━━━━━ STUDY MATERIAL

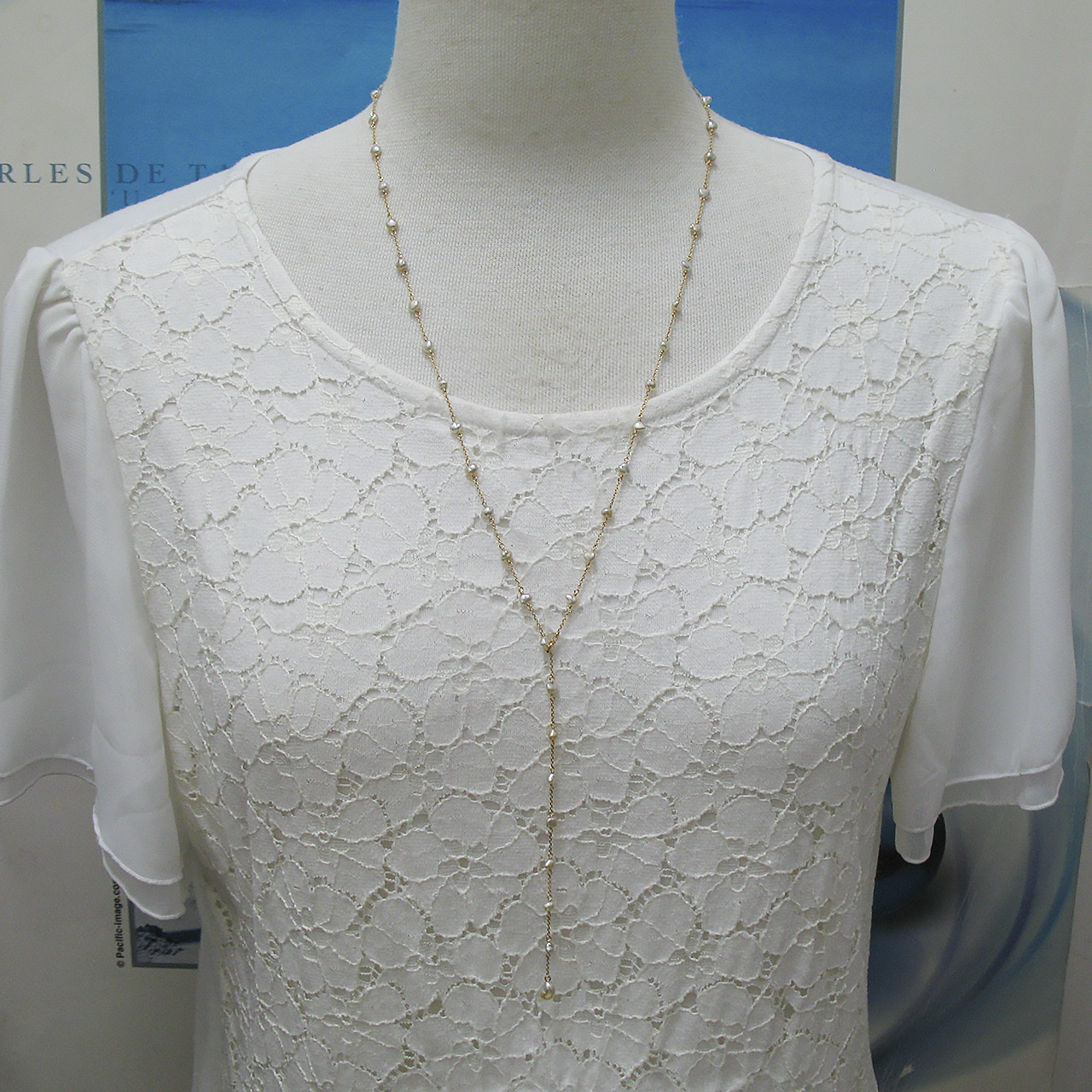 K18あこやケシ・白蝶ケシステーションネックレス  KR70412 - 画像 (6)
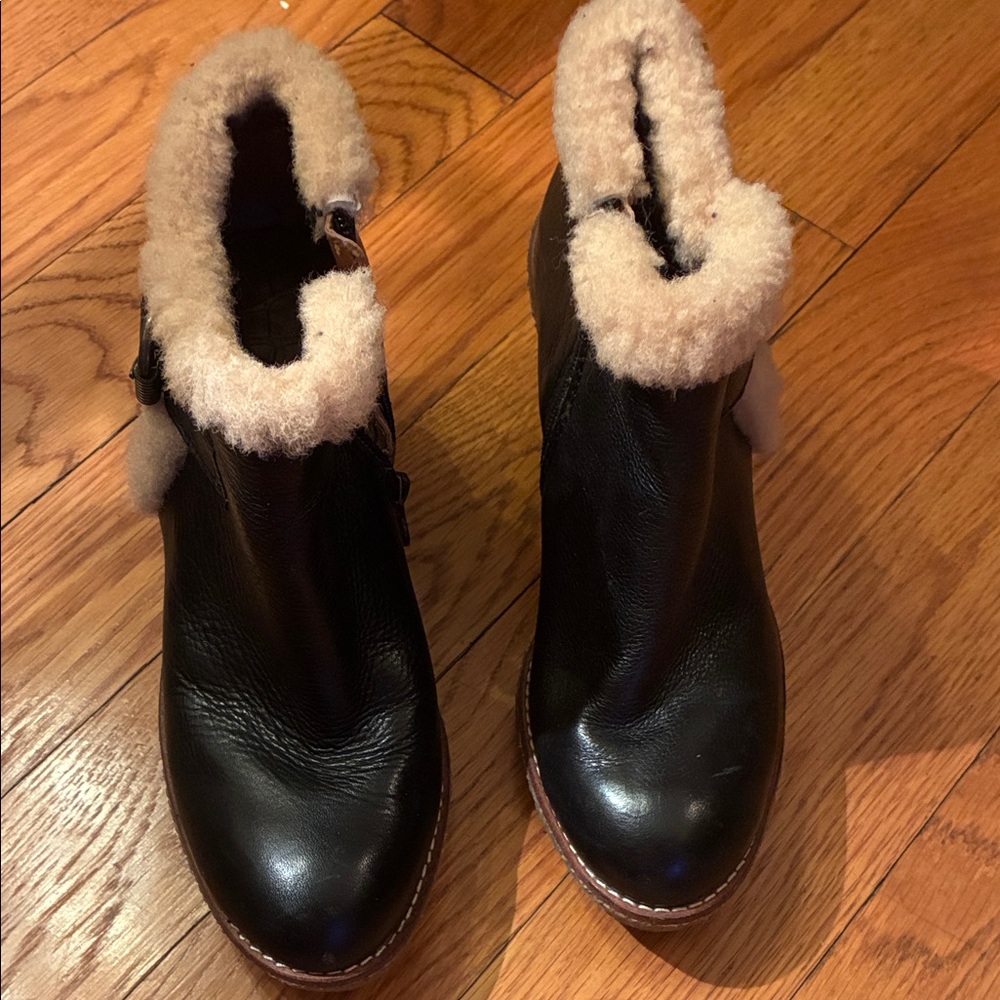 Sam Edelman Black Leather Boots with Cream Shearling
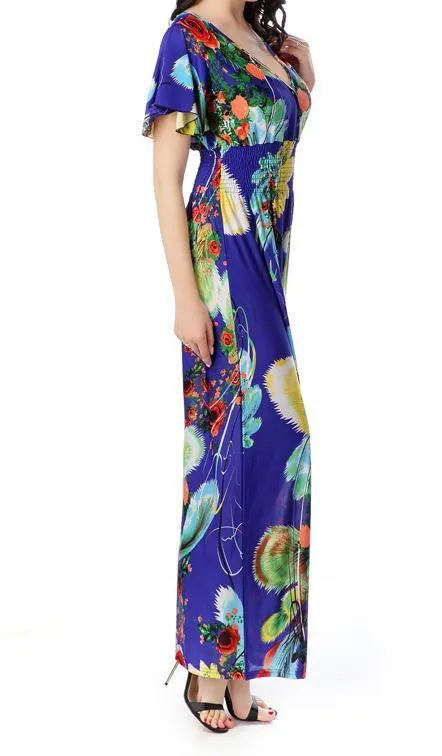 Printed V Neck Short Sleeve Summer Bohemia Maxi Dress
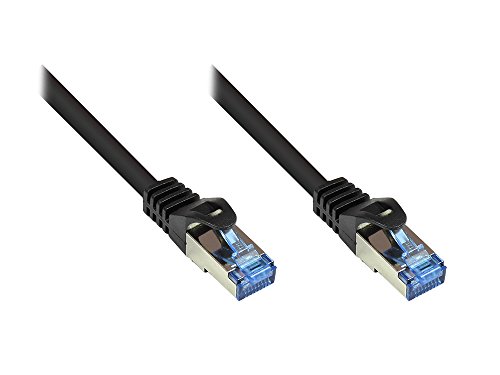 Kabelmeister® Cat.6A Ethernet LAN Patchkabel mit Rastnasenschutz - S/FTP, PiMF, PVC, 500MHz, halogenfrei- 10-Gigabit-fähig - schwarz, 50m von Kabelmeister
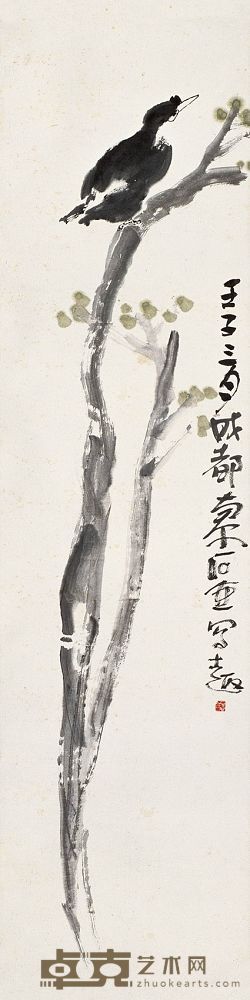 陈子庄 1972年作 花鸟 立轴 137×34cm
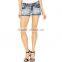 Aztec-Print Frayed Short Shorts, Medium Wash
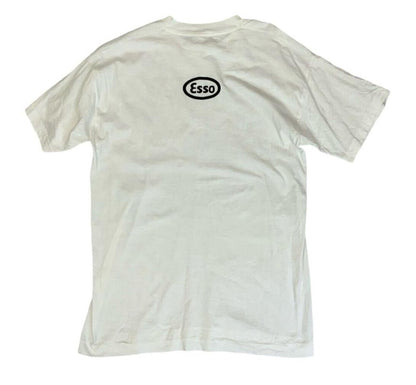VTG 80s 90s WHITE GRAPHIC T SHIRT ESSO RARE TIGER PRINT SIZE L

━━━━━━━━━━

### WHAT YOU SHOULD DO
Nothing but the lines from the one holding "Printed V Neck" through the final line of the entries should be retyped, exactly as they stand and without pictures.

### THE ANSWER
 Printed V Neck Short Sleeve Summer Bohemia Maxi Dress
 Kabelmeister® Cat.6A Ethernet LAN Patchkabel mit Rastnasenschutz - S/FTP, PiMF, PVC, 500MHz, halogenfrei- 10-Gigabit-fähig - schwarz, 50m von Kabelmeister
 陈子庄 1972年作 花鸟 立轴 137×34cm
 Aztec-Print Frayed Short Shorts, Medium Wash
VTG 80s 90s WHITE GRAPHIC T SHIRT ESSO RARE TIGER PRINT SIZE L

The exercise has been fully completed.